The decision of the Supreme Court of NSW in Theoctistou v Theoctistou  NSWSC 1487 is a reminder of the principles which the Court applies in determining whether to make an additional provision for an adult child out of a deceased estate.
Anthony, the deceased’ son, who was 59 years old when his father passed away, was left $50,000 out of his father’s estate. The estate was valued, for probate purposes at $919,532.
Anthony had 3 brothers who also received $50,000 each.

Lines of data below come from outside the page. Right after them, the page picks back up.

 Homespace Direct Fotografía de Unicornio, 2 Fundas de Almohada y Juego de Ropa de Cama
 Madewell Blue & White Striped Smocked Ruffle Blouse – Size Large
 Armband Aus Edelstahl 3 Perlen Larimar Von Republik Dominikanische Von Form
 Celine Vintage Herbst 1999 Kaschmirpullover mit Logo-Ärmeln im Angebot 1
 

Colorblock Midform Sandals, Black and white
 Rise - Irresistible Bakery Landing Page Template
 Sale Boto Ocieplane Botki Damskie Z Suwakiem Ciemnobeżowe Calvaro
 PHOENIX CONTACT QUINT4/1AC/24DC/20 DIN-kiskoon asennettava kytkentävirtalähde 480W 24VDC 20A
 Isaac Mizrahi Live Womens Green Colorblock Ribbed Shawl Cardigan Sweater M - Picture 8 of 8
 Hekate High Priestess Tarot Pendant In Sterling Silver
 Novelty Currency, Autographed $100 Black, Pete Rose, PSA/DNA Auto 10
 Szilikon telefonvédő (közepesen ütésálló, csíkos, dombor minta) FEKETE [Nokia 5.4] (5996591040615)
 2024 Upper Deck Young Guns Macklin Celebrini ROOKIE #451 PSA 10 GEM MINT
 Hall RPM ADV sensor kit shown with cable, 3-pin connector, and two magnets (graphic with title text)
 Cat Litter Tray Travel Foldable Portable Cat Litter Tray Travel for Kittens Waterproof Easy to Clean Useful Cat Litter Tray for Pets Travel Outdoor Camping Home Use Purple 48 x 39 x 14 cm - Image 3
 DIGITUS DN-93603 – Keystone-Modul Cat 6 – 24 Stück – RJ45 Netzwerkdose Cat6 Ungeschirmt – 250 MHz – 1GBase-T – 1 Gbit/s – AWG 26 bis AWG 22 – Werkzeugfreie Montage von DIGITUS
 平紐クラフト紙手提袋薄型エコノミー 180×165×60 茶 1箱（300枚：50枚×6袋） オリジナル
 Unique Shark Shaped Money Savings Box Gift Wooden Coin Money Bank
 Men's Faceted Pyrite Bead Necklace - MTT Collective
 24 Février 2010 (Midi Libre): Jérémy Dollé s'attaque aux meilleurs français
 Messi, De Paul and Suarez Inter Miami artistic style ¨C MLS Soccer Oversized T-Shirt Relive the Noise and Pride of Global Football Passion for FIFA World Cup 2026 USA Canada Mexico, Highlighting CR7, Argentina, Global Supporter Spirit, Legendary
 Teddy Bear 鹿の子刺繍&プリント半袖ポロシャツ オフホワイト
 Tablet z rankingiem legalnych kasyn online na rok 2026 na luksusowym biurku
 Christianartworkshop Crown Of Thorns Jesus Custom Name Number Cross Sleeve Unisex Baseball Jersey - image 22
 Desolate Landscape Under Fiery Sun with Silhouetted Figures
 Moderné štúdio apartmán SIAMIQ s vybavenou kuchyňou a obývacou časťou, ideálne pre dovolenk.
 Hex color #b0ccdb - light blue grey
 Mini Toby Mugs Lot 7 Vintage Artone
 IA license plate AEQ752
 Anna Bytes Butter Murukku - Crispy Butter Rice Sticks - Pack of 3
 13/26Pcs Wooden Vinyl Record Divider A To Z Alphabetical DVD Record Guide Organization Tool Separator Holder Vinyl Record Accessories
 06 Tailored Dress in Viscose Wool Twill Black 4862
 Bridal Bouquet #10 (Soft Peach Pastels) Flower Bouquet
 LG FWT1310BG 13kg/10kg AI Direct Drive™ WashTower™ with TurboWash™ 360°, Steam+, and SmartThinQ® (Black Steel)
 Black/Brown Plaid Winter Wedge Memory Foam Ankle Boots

The remainder of the estate was left to Anthony’s stepmother (and the deceased’s wife of 52 years).
The Court decided that in addition to the $50,000 which Anthony received out of the estate, Anthony should receive an additional $250,000 – which was to be taken from the stepmother’s share of the estate.
The factors for such decision include:
1. Anthony had large debts of just over $400,000 in total;
2. At the time of the hearing, Anthony worked as a part-time cleaner but, due mainly to a stroke he suffered in 2006, Anthony was unable to work full time;
3. There was a “close and loving relationship” between Anthony and his father;
4. The stepmother was “in a much stronger financial position” than Anthony; and
5. The stepmother had no debts of any significance.
In granting Anthony an additional legacy of $250,000, the Court also ordered that Anthony’s legal costs be paid out of the stepmother’s share of the estate.
The Court’s decision provides a useful summary of the principles which are applied in accessing a claim to be paid out of the stepmother’s share of the estate.